Ya gerisini anlatamıycam bi milyonu tezgaha bırakıp nasıl kaçtım hiç bilmiyorum.
benimle evlenmek isteyen 6 yıl beni bekleyen bir çocuk vardı zerre umut vermesemde..
üniversiteye başlamadan önce ısrarla dönüp dolandı etrafımda, ailesini yolladı, kardeşini yolladı falan, üniversite bitti yine aynı.
neyse umudu kesti ki evlendi çoluk çocuğa karıştı. 3 yıl oluyor evleneli ama aile dostumuzun kızıyla.
bugün eve misafir davet etmiş annem. o aile dostumuz ve pek kıymetli kızlarıyla eşini de tabii.

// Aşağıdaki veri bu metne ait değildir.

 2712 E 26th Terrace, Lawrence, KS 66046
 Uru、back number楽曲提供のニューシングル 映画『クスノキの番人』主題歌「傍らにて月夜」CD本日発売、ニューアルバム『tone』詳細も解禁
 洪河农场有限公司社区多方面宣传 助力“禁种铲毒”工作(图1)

annemin birkaç siparişini almak için markete gidiyordum bi baktım karşıdan geliyor.
akşam görüşeceğimiz yetmezmiş gibi. yani bir şey yok ama geriliyor insan. en azından eve geldiklerinde birbirimizi görecek ya da birbirimize odaklanacak zamanımız olmayacak o kadar kalabalık içinde.
neyse görmezden geldim karşıdan geldiğini görünce. o da öyle yaptı. geçtik gittik.

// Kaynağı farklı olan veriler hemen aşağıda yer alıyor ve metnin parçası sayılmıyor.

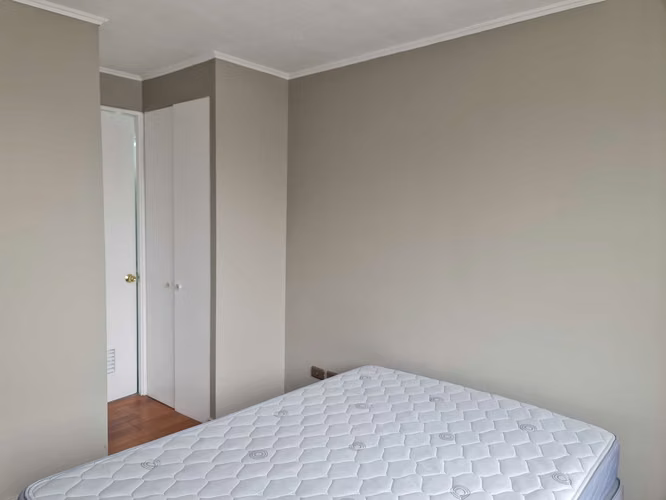 Rebajado 1 dormitorio PISO 8 Recien Pintado (98328)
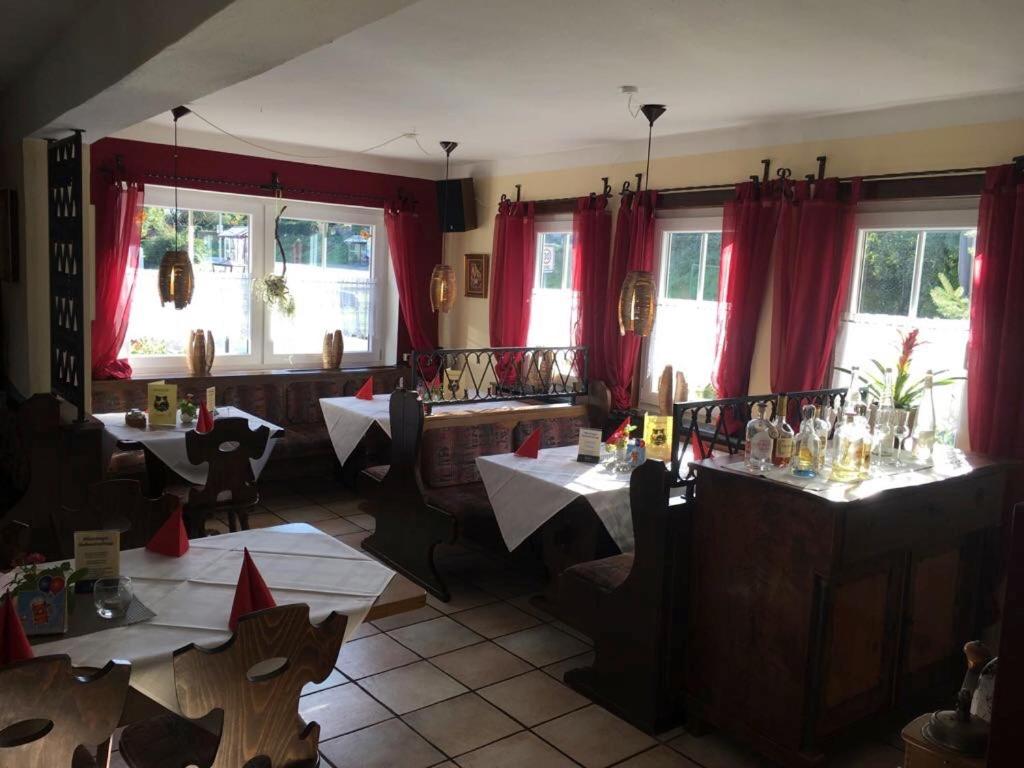 Restaurace v ubytování Zum weißen Ross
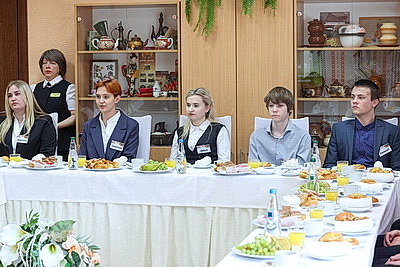 Встреча Кочановой с воспитанниками социально-педагогических центров прошла в столичном колледже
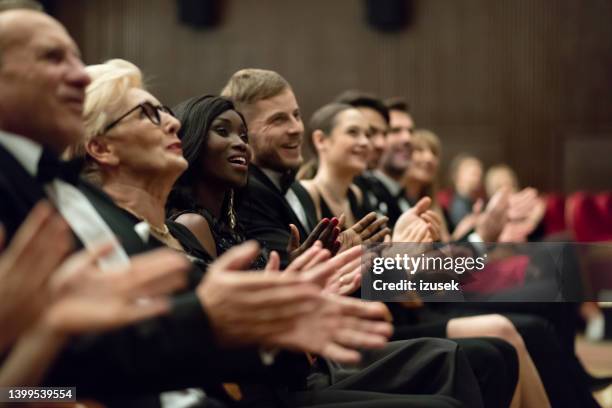 劇場で拍手する観客、手のクローズアップ - awards ceremony ストックフォトと画像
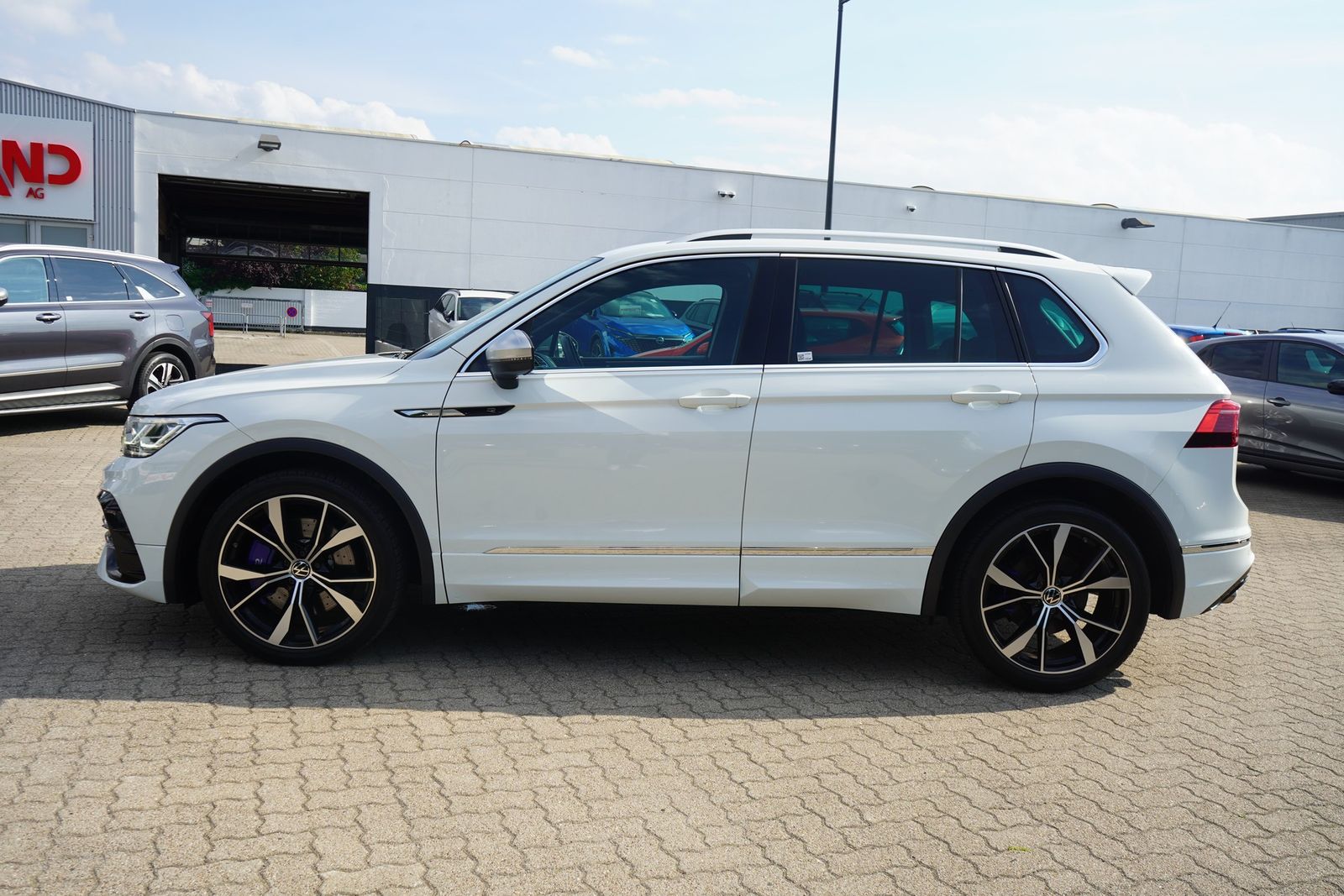 Volkswagen Tiguan 2.0 R DSG 4M LED ACC DCC Navi Alcantara foto 3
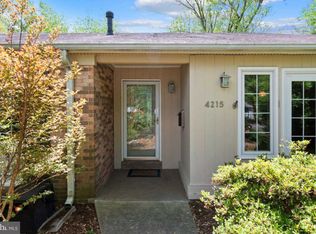 4215 Holborn Ave, Annandale, VA 22003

eve geldiğinde tam yemekleri bölmekle uğraşırken bir şey istemek için girdi mutfağa.
yemek de o kadar sıcaktı ki, tabaktan bile elim yandı, o anda da kalın sesiyle adımı söylemez mi?
birden panikledim. tam dökülüyordu ki hepsi, saçma sapan bir şekilde kurtarma operasyonu gerçekleştirdik ikimiz de.
bugün yolda seninle karşılaştık dedi sonra birden.
vay mal, hatırlatmana ne gerek var, madem hatırlatacaksın başınla selamlayıp geçeydin.
içimden sayıyorum tabii..
yanan elimi ağzıma götürdüm, yüzüne bön bön baktım.
ben şey.. demeye kalmadan, kendi kendine bir şeyler söyleyip gitti.
arkasından o giderken, gözlerim az bozuk da bazen fark etmiyorum, dikkatli bakmamışımdır farkında değilim falan dedim ama
ne kadar inandırıcı oldu bilemedim.
dükkana müşteri olarak gelen çocuğa şeker uzattığım anda annesinin kulağıma eğilip "şeker hastası" dediği an. çocuk şekere bakakaldı ben de çocuğa. "neyse gel bu küçük bir şey, sana daha büyük bir şey vereyim" deyip çubuk kraker verdim ama neye yarar?